Electricity-saving strategies are an essential solution to overcoming increasing global CO 2 emission and electricity consumption problems; therefore, the determinant factors of electricity consumption in households need to be assessed. Most previous studies were conducted in developed countries of subtropical regions that had different household characteristic factors from those in developing countries of tropical regions. A field survey was conducted on electricity consumption for Malaysian households to investigate the factors affecting electricity consumption that focused on technology perspective (building and appliance characteristics) and socio-economic perspective (socio-demographics and occupant behaviour).

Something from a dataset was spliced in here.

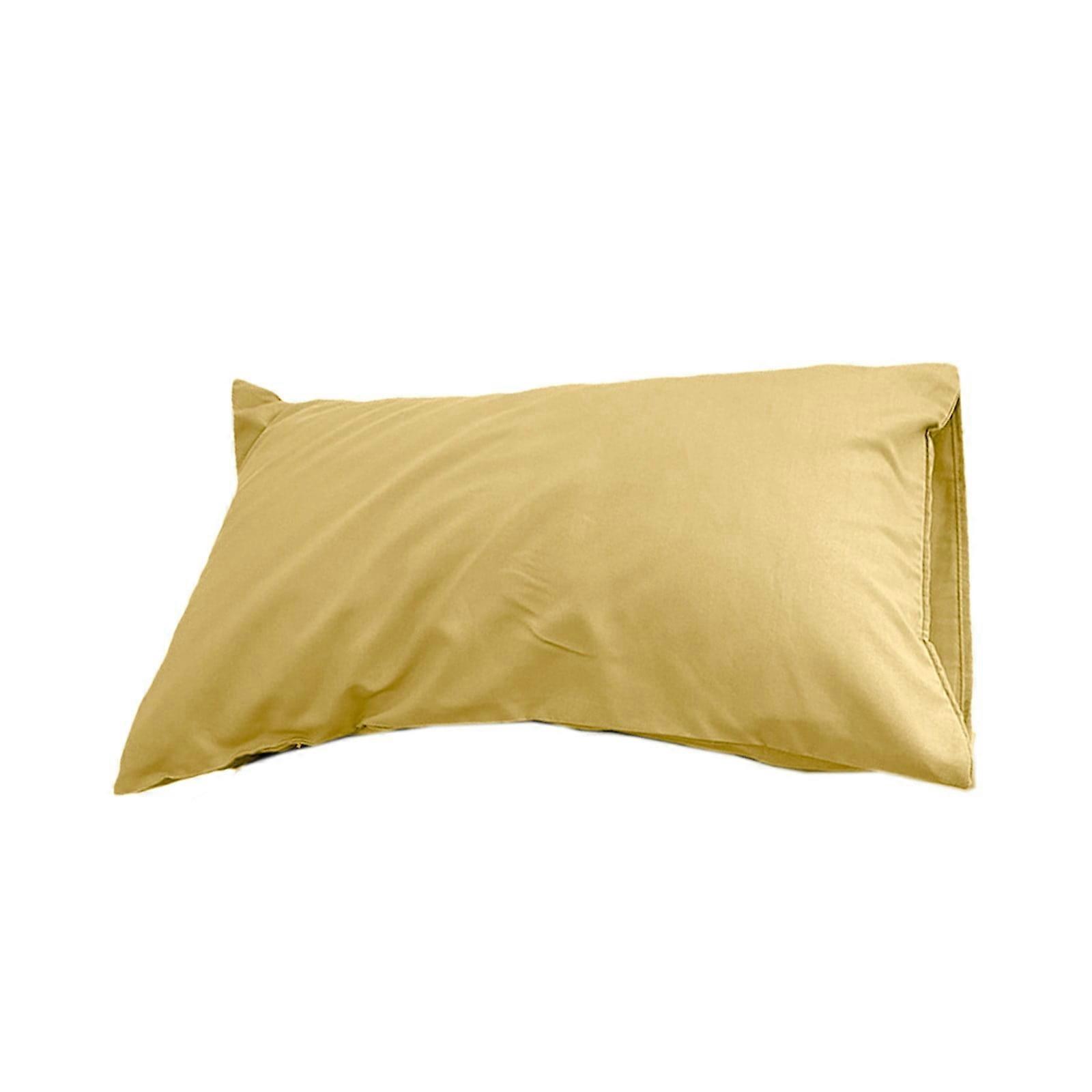 Washed Solid Color Pillowcase Good for Hair and Linen Texture Soft Comfortable and Breathable Side Opening Home Decoration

To analyse the determinant factors of electricity consumption, direct and indirect questionnaire surveys were conducted from November 2017 to January 2018 among 214 university students. Direct questionnaire surveys were performed in order to obtain general information that is easily answered by respondents. On the other hand, some questions such as electricity consumption and detailed information of appliances must be confirmed by the respondents’ parents or other household members through an indirect questionnaire survey. The results from multiple linear regression analyses of the survey responses showed that appliance characteristic factors were the main variables influencing electricity consumption and house characteristics were the least significant. Specifically, air conditioners, fluorescent lamps, and flat-screen TVs emerged as appliances with the most significant effect on electricity consumption. Occupant behaviour factors had a more significant influence than socio-demographic factors. The findings in this study can be used by policymakers to develop electricity-saving strategies in Malaysia.

Suggested Citation

  • Boni Sena & Sheikh Ahmad Zaki & Hom Bahadur Rijal & Jorge Alfredo Ardila-Rey & Nelidya Md Yusoff & Fitri Yakub & Mohammad Kholid Ridwan & Firdaus Muhammad-Sukki, 2021. "Determinant Factors of Electricity Consumption for a Malaysian Household Based on a Field Survey," Sustainability, MDPI, vol. 13(2), pages 1-31, January.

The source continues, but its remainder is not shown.